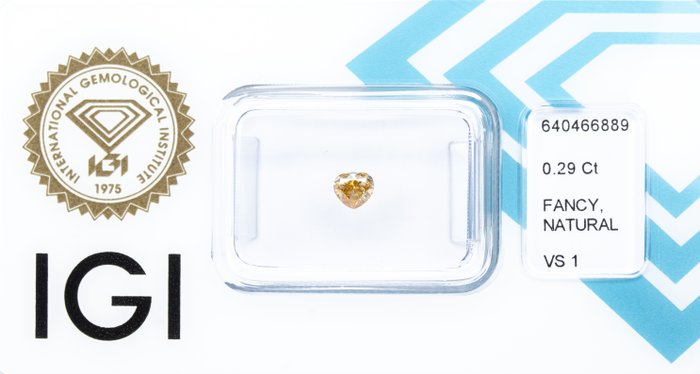 Ingen mindstepris - 1 pcs Diamant  (Naturfarvet)  - 0.29 ct - Hjerte - Fancy Gullig Brun - VS1 - International Gemological Institute (IGI)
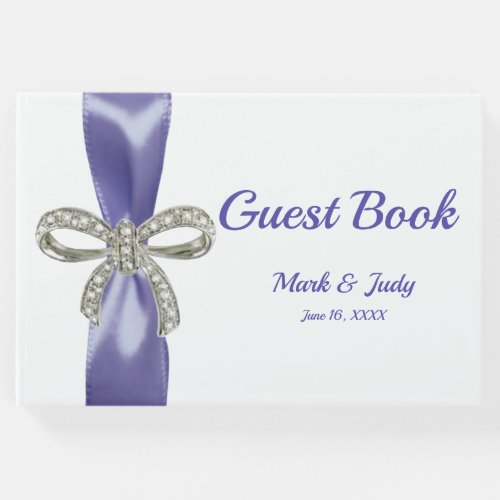 Purple Blue Diamond Bow Wedding Guestbook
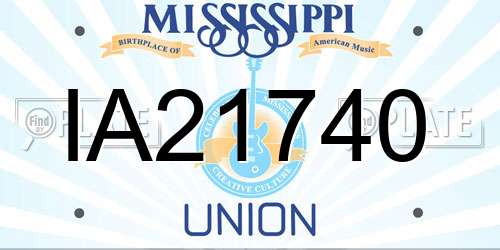 IA21740 Mississippi License Plate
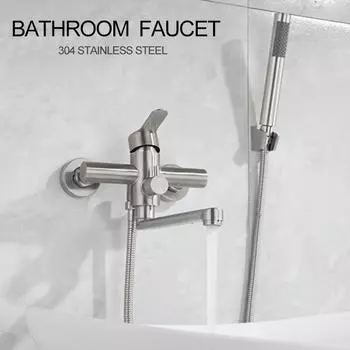 304 нержавеющая сталь настенный матовый черный ванная комната удлиненный длинный излив кран для ванны и душа ручной скрытый смеситель для душа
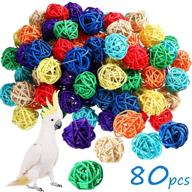 🐦 sumind 80 pieces rattan ball bird toys: interactive wicker chewing toys for parrots, parakeets, and small animals - perfect for cage accessories, wedding party decorations, and table décor - 30mm random color logo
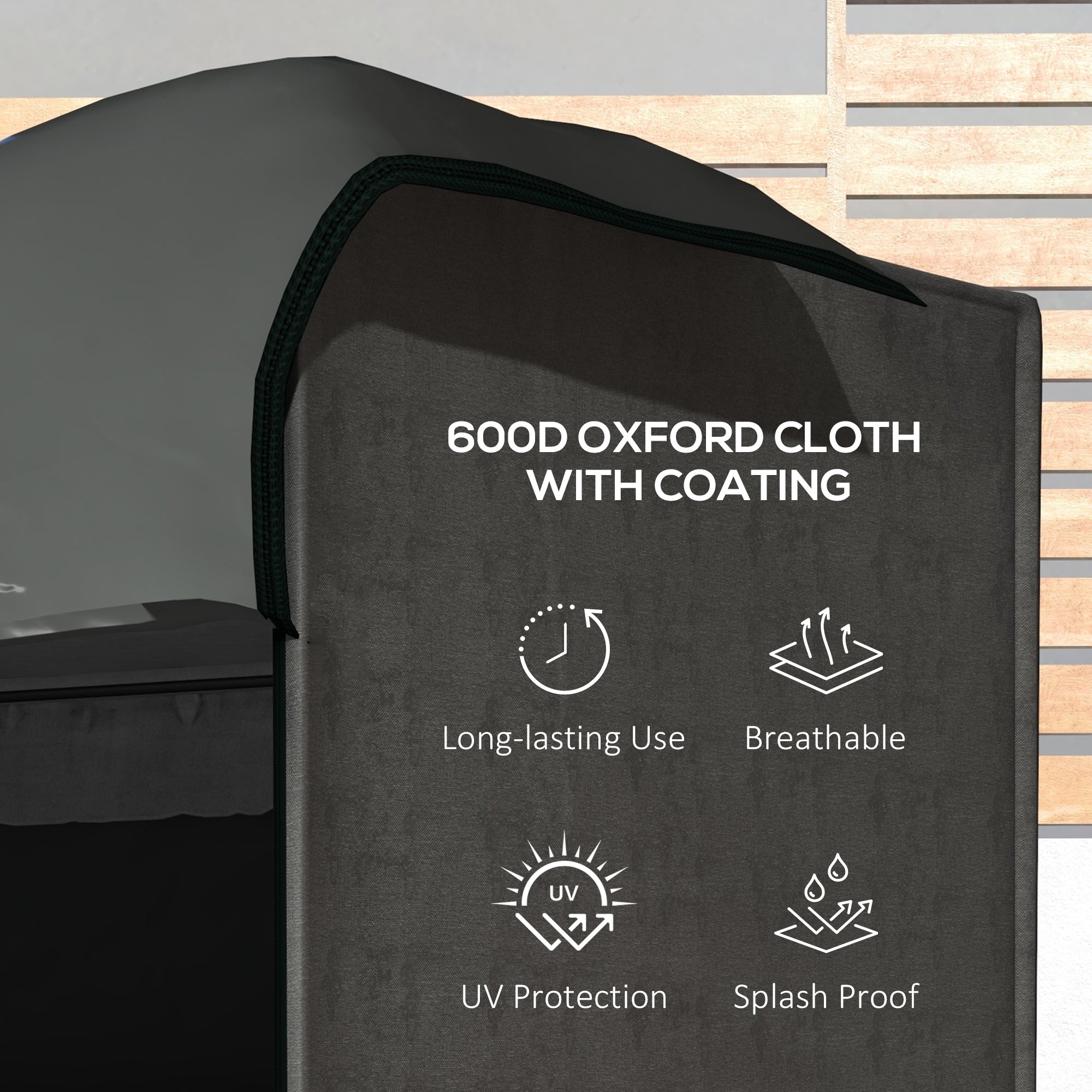 Three-Seater Swing Chair Protective Cover 205 x 124cm, Dark Grey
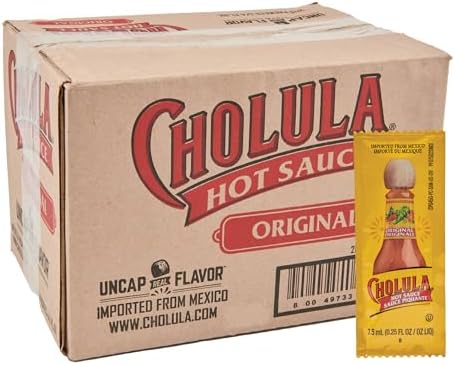 Cholula Original Hot Sauce Packets, 200 count - One 200 Count Individual Hot Sauce Packets with Mexican Peppers and Signature Spice Blend, Perfect Single-Serve Size for Delivery and Takeout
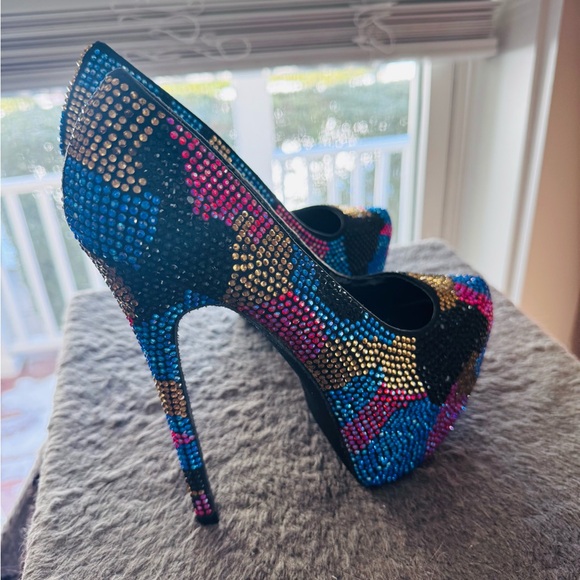 Steve Madden Multicolor Rhinestone Heels - Picture 7 of 10
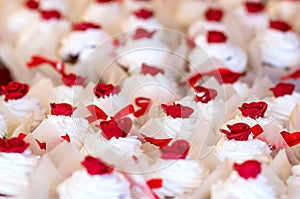 Cupcakes. White with red flowers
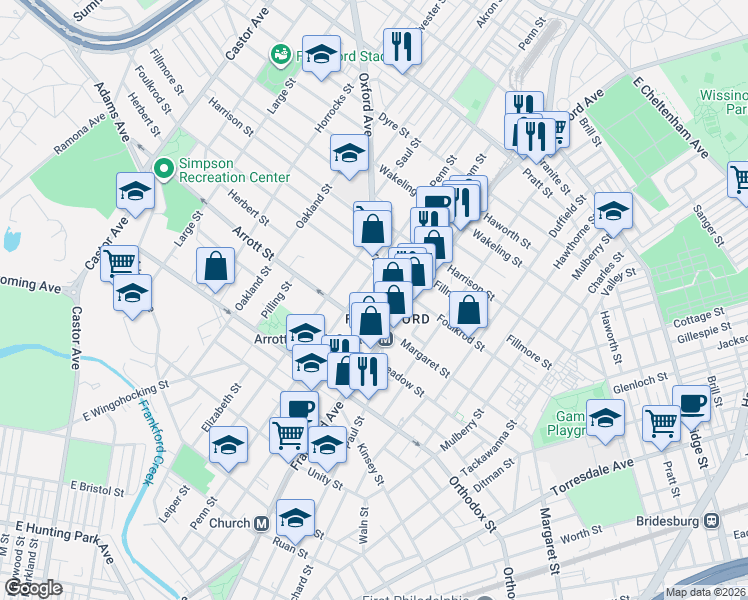 map of restaurants, bars, coffee shops, grocery stores, and more near 4732 Griscom Street in Philadelphia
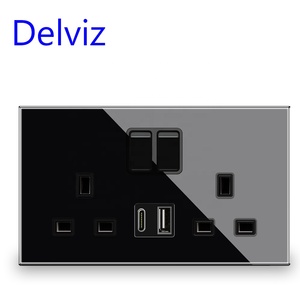 Delviz British Standard Electrical Plugs Double Outlet, 18W Type-C Ports Quick Charge,Crystal Glass <strong>UK</strong> 13A Wall Power USB <strong>Socket</strong> - Product Image 4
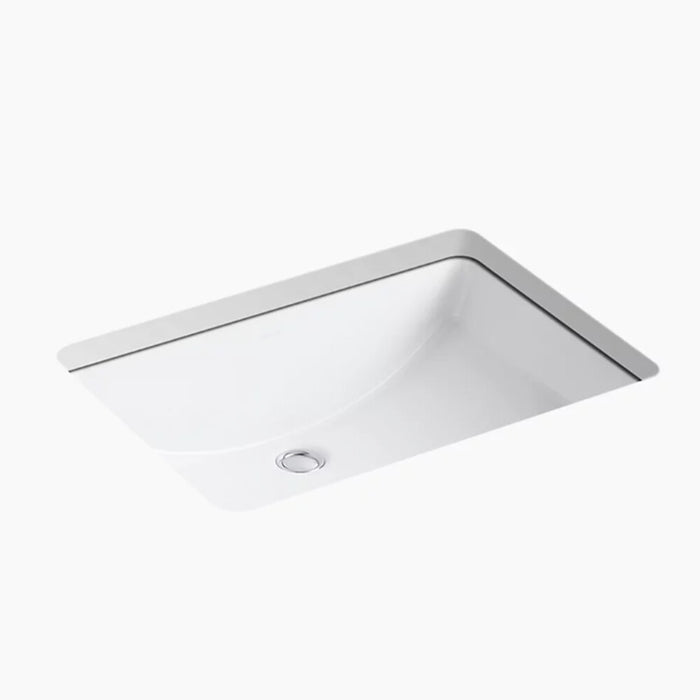 580*346*206mm Kohler Ladena Gloss White Ceramic Rectangle With Overflow Under-Mount Basins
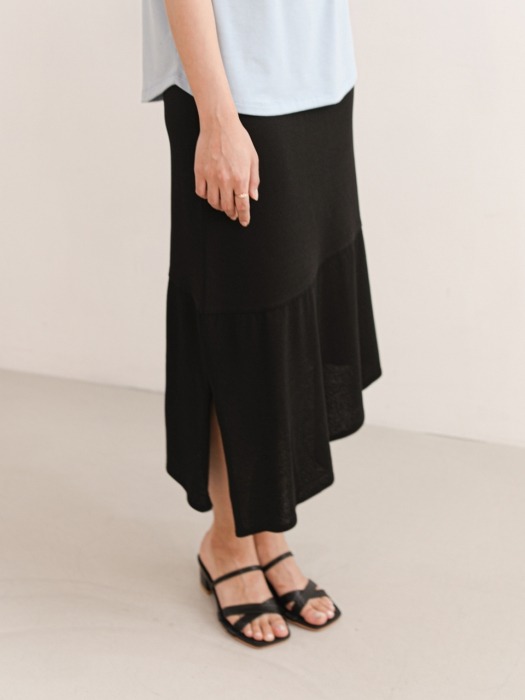 Unbalanced knit Skirts (Black)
::::::::::
Problem description.
Print the part of the listing above that opens with the line containing "Purple Blue Diamond Bow Wedding Guestbook" and closes with the line containing "Delviz British Standard". Copy it exactly, both ends included, and omit the pictures.

Response for this exercise.
 Purple Blue Diamond Bow Wedding Guestbook
 IA21740 Mississippi License Plate
 304 нержавеющая сталь настенный матовый черный ванная комната удлиненный длинный излив кран для ванны и душа ручной скрытый смеситель для душа
 🐦 sumind 80 pieces rattan ball bird toys: interactive wicker chewing toys for parrots, parakeets, and small animals - perfect for cage accessories, wedding party decorations, and table décor - 30mm random color logo
 Three-Seater Swing Chair Protective Cover 205 x 124cm, Dark Grey
 Cholula Original Hot Sauce Packets, 200 count - One 200 Count Individual Hot Sauce Packets with Mexican Peppers and Signature Spice Blend, Perfect Single-Serve Size for Delivery and Takeout
 Steve Madden Multicolor Rhinestone Heels - Picture 7 of 10
 Cupcakes. White with red flowers
 map of restaurants, bars, coffee shops, grocery stores, and more near 4732 Griscom Street in Philadelphia
 Delviz British Standard Electrical Plugs Double Outlet, 18W Type-C Ports Quick Charge,Crystal Glass <strong>UK</strong> 13A Wall Power USB <strong>Socket</strong> - Product Image 4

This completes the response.